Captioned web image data
== == ==
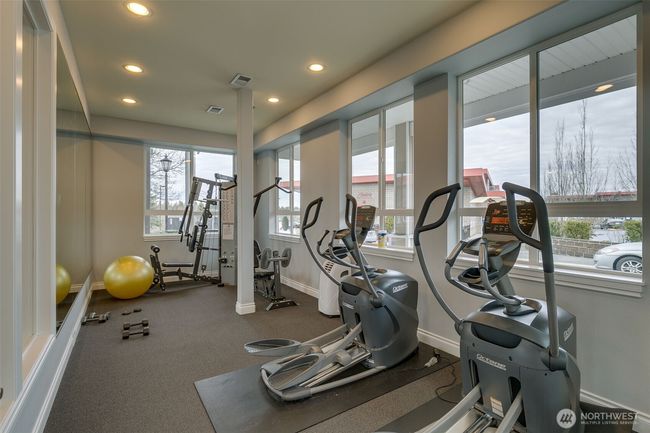 Workout/gym area | Image 40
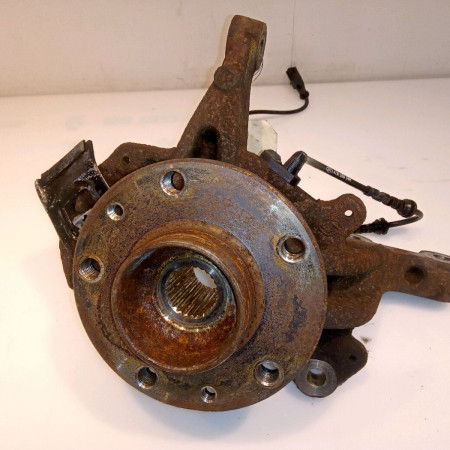 Moyeu avd occasion RENAULT MEGANE III Phase 1 11-2008->01-2012 1.5 DCI 105ch 402020009R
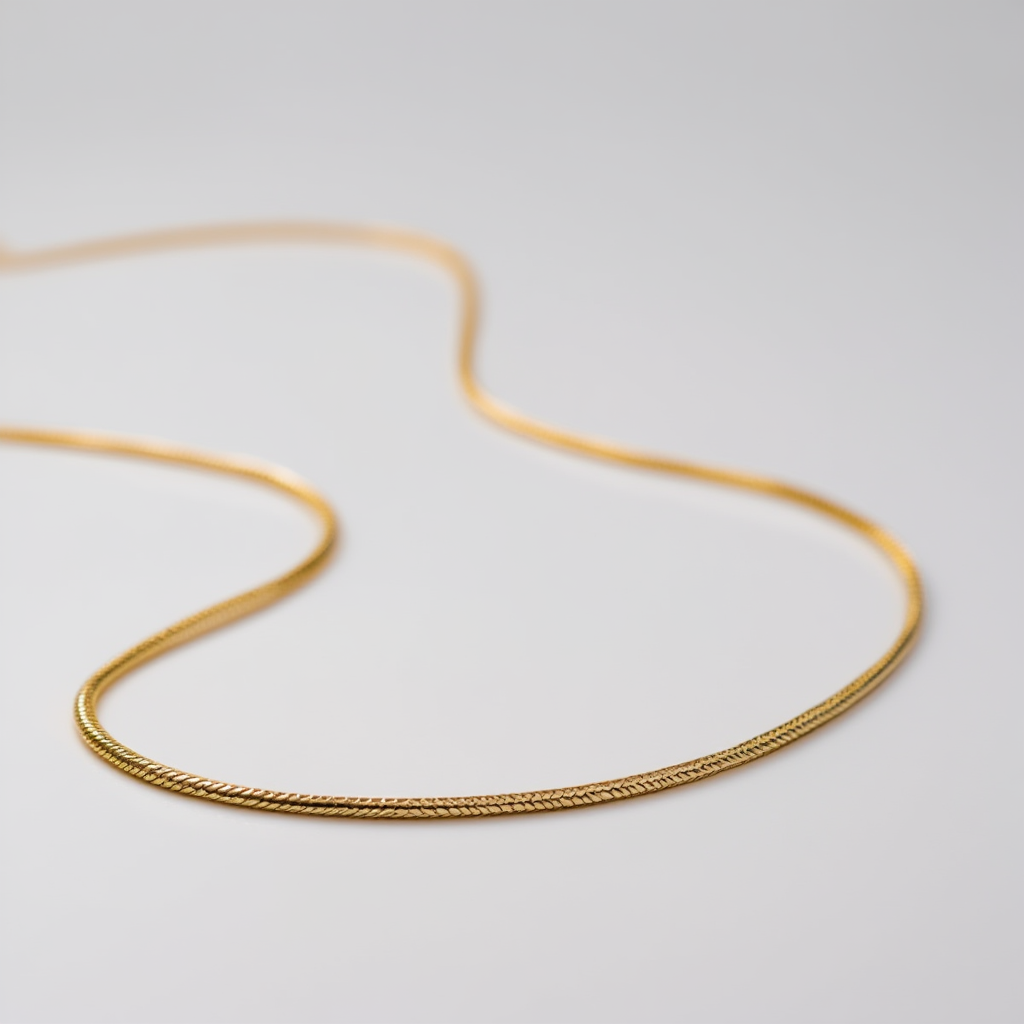 Naia Necklace - Gold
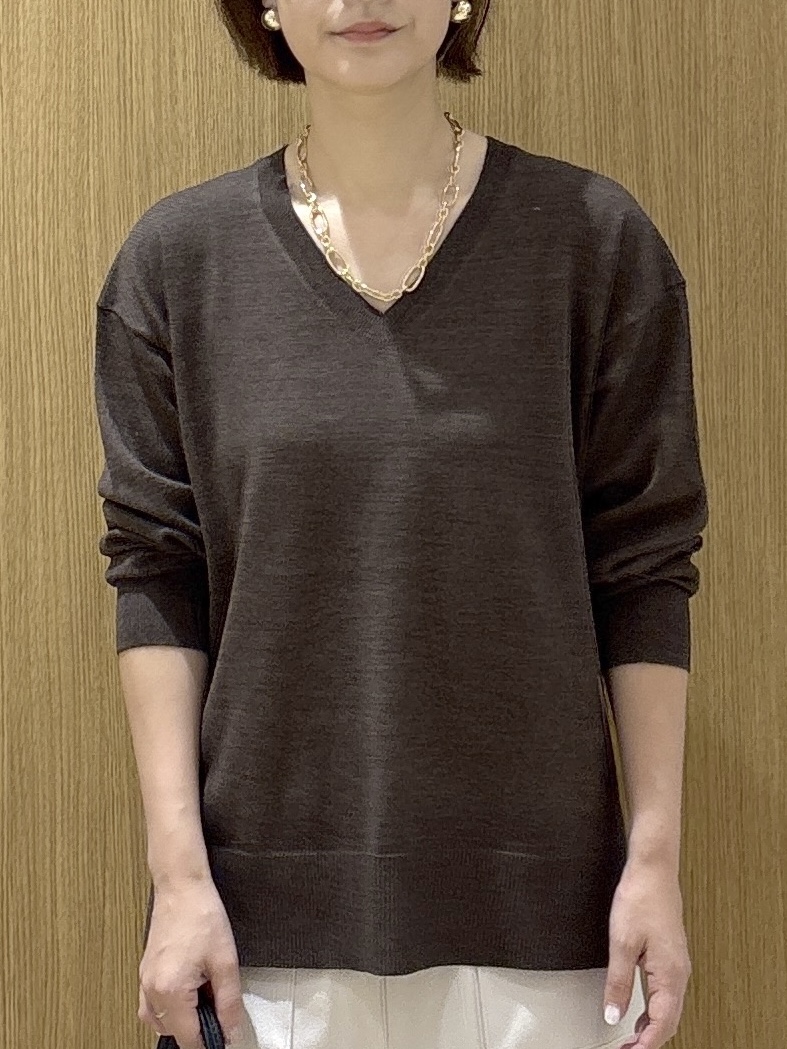 たけねぇさんの「OPAQUE.CLIP｜『THE』名品リラクシーVネックニット【洗濯機OK】」を使ったコーディネート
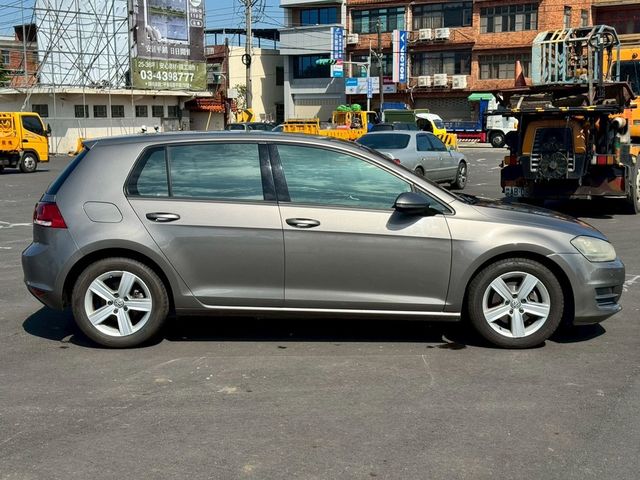VOLKSWAGEN福斯 GOLF  第15張相片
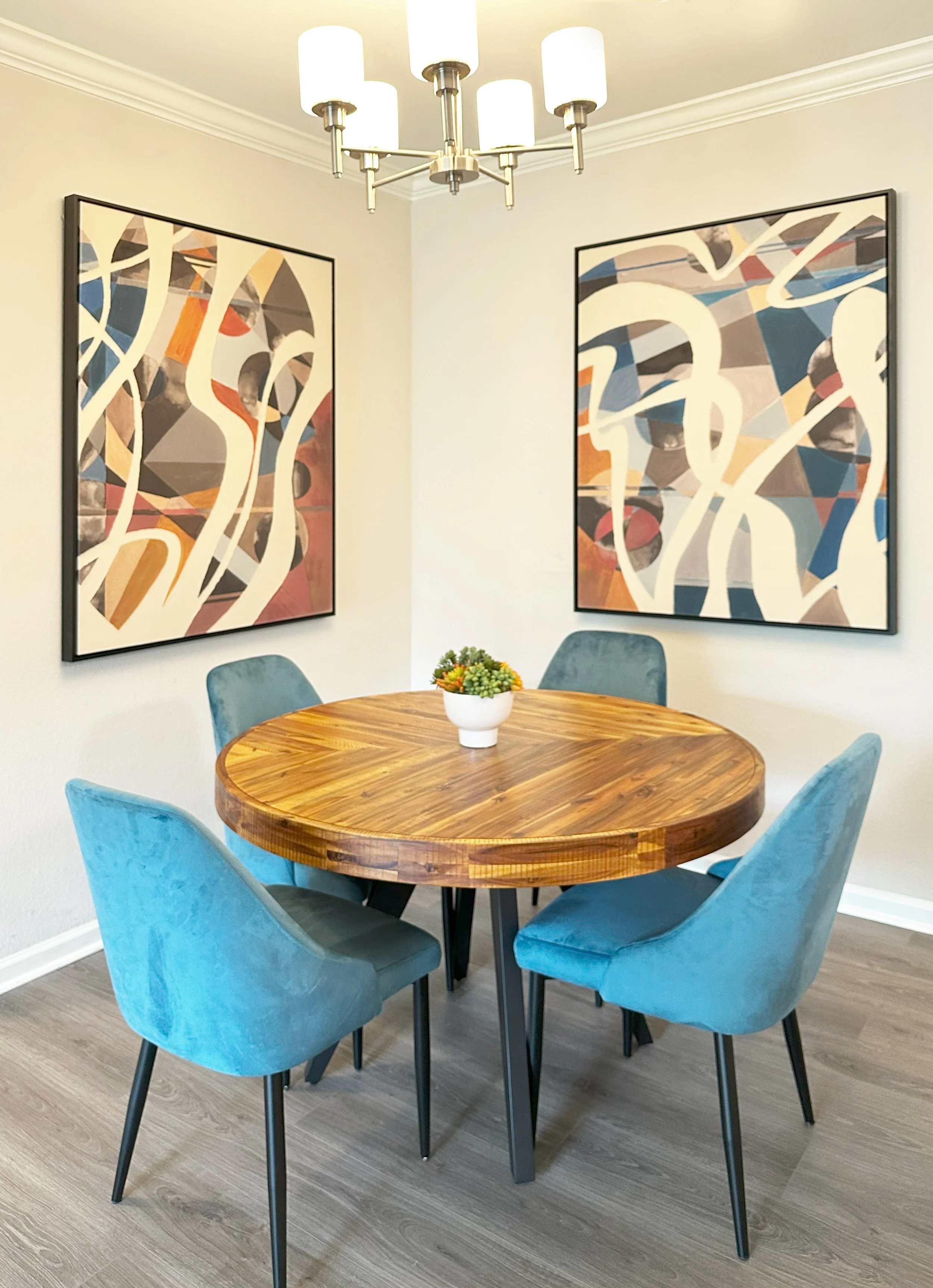 5 CENTERVIEW MODEL.jpg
== == ==
#### [Task to carry out]
The records above should be output exactly, but without any of their pictures.

#### [Output of the task]
 Workout/gym area | Image 40
 Moyeu avd occasion RENAULT MEGANE III Phase 1 11-2008->01-2012 1.5 DCI 105ch 402020009R
 Naia Necklace - Gold
 たけねぇさんの「OPAQUE.CLIP｜『THE』名品リラクシーVネックニット【洗濯機OK】」を使ったコーディネート
VOLKSWAGEN福斯 GOLF  第15張相片
 5 CENTERVIEW MODEL.jpg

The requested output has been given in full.